Innovative Products for Building Better Strength, Balance, and Function

3 Reactionary Balance Training Tips

Sometimes we can anticipate a balance challenge, other times we get caught by surprise. Anticipation is seeing someone walking your way with their head down (texting on their phone), noticing that they are heading straight for you, and bracing yourself for impact to prevent getting knocked over. Surprise is catching your toe on the ridge of an uneven sidewalk, suddenly careening forward, and tossing everything in your arms to prevent face planting on the ground. Surprise reactions are also known as reactionary balance strategies. Because reactionary balance is part of life, it should be part of balance training as well.
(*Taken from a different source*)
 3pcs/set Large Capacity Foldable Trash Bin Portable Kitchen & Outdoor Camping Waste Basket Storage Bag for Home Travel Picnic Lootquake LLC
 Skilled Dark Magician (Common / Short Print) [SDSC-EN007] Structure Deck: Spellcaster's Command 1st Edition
Reactionary balance comes largely out of surprise events, and lower-level balance strategies are passed over – ankle, hip, and knee strategies. As such, stepping and arm strategies remain to correct for the sudden, and sometimes large, disruptions to balance. Stepping movements are needed to reset the base of support and center the body’s center of pressure back in a steady state. Arm reactions are needed to help decelerate the movement of the body toward the ground, e.g., the arms quickly move up to slow the overall momentum of the body going down. In addition, stepping and arm strategies must happen quickly, with proper coordination, and with strong enough muscle responses to overcome the slip, trip, bump, push, etc. Otherwise, a fall will occur.

As noted previously, balance training needs to include reactionary balance. Below are 3 suggestions for incorporating reactionary balance into your treatments.
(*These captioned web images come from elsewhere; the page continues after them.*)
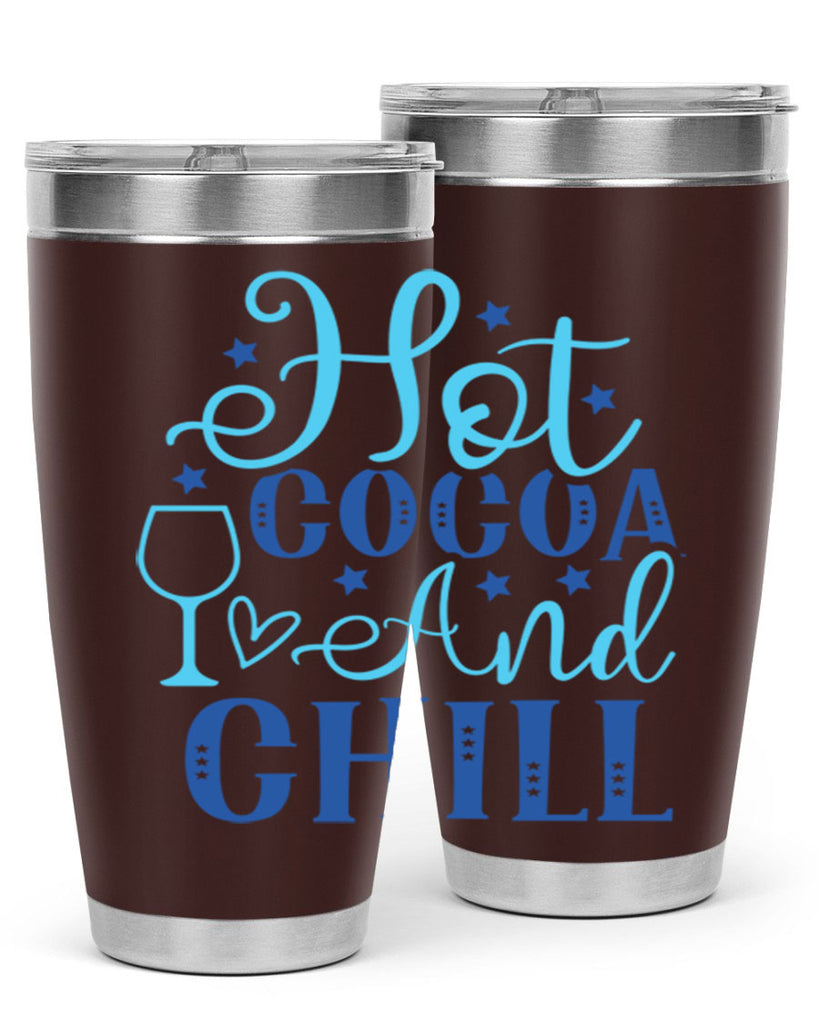 hot cocoa and chill 206#- winter- Tumbler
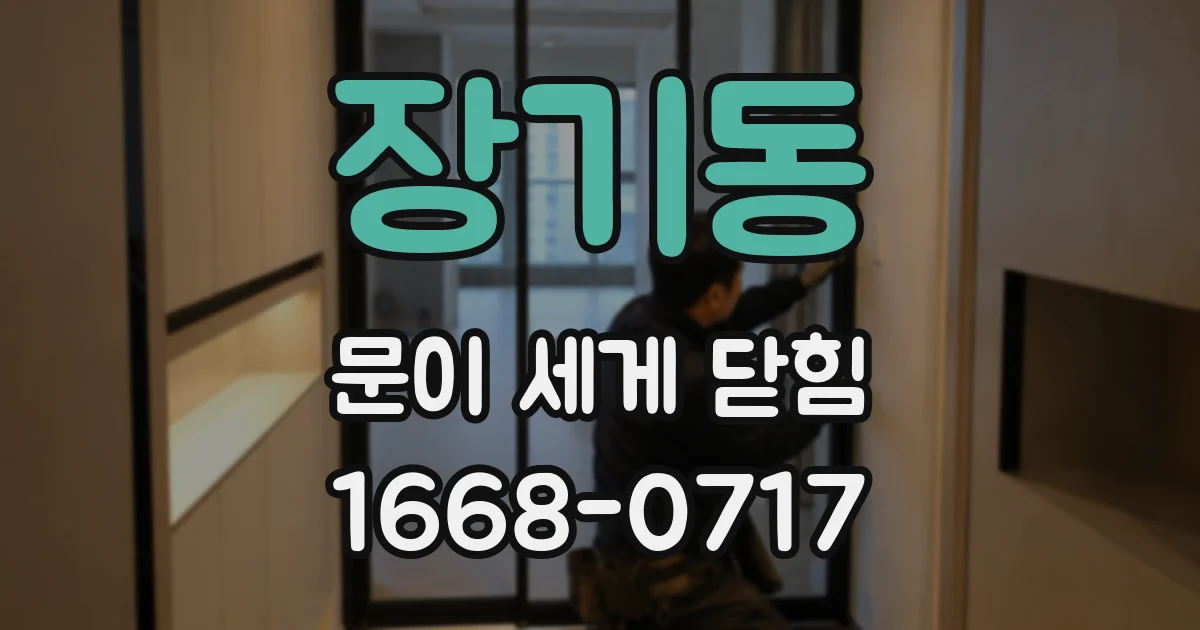 장기동 문이 세게 닫힘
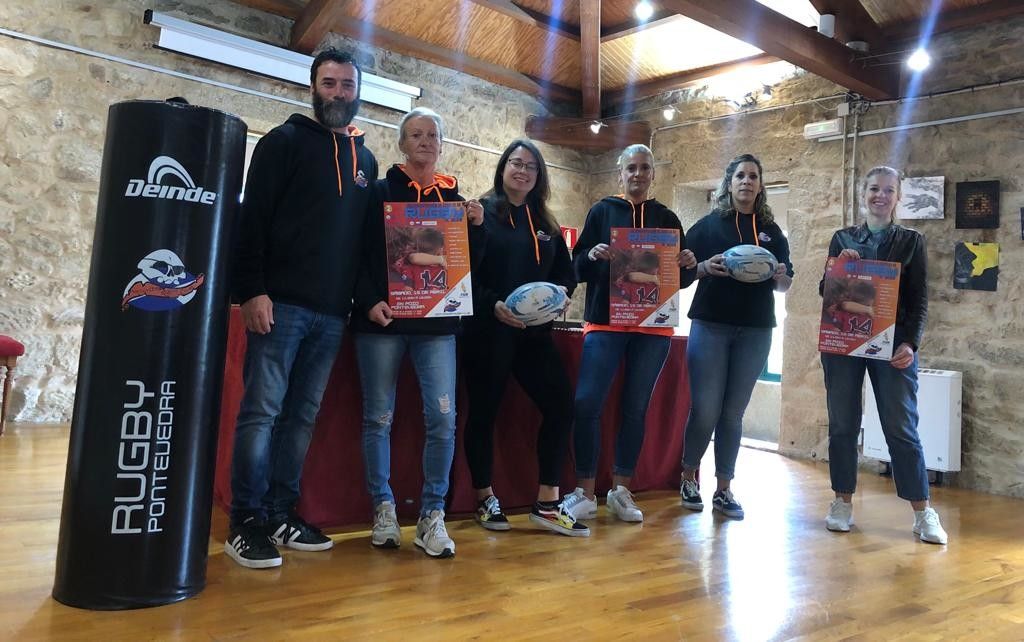 Presentación en Poio de la jornada de Concentración de Escuelas de Rugby de Galicia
  1. Perturbations are outside forces that cause a change in normal standing state. Pushes, nudges, losses of support are all examples of perturbations. For perturbations to be reactionary, they must not be easily anticipated. Examples of such perturbations include the following:
    1. Nudges that occur randomly from different sides, amplitudes, and times.
    2. Tilting of a water-filled tube while standing or walking.
    3. Pulls from a belt attached to a pulley, when slack is taken up and suddenly let go.
    4. Losses of support, when hand is released suddenly after asking patient to pull or push against a supporting hand.
    5. Taps or tilts to wobble board (from therapist) as patient attempts to keep it flat and still.
  2. Clocking is the use of randomized stepping to improve reaction speed and muscle strength in standing. As the name suggests, the use of a clock face is central to the exercise. The exercise begins with the patient standing in the middle of the clock face. As a number is called out (1-12), the patient steps on that number and returns to the starting point – like the lunging motions seen in reactionary stepping strategies. For more information on clocking visit
  3. Catching can elicit quick changes in body position. Stretching and reaching to catch a “wild” ball, e.g., one far away from the body, can create a loss of balance and an immediate need for reactionary balance strategies. As such, use a gait belt and spot your patient properly as they throw and catch a ball against a wall. Below are a few suggestions for grading catching:
    1. Heavier balls are harder to catch (weighted balls).
    2. Extremely light balls are harder to catch (balloons).
    3. Smaller balls are harder to catch.
    4. Balls thrown in random ways are harder to catch (high, low, away, bounced, etc.).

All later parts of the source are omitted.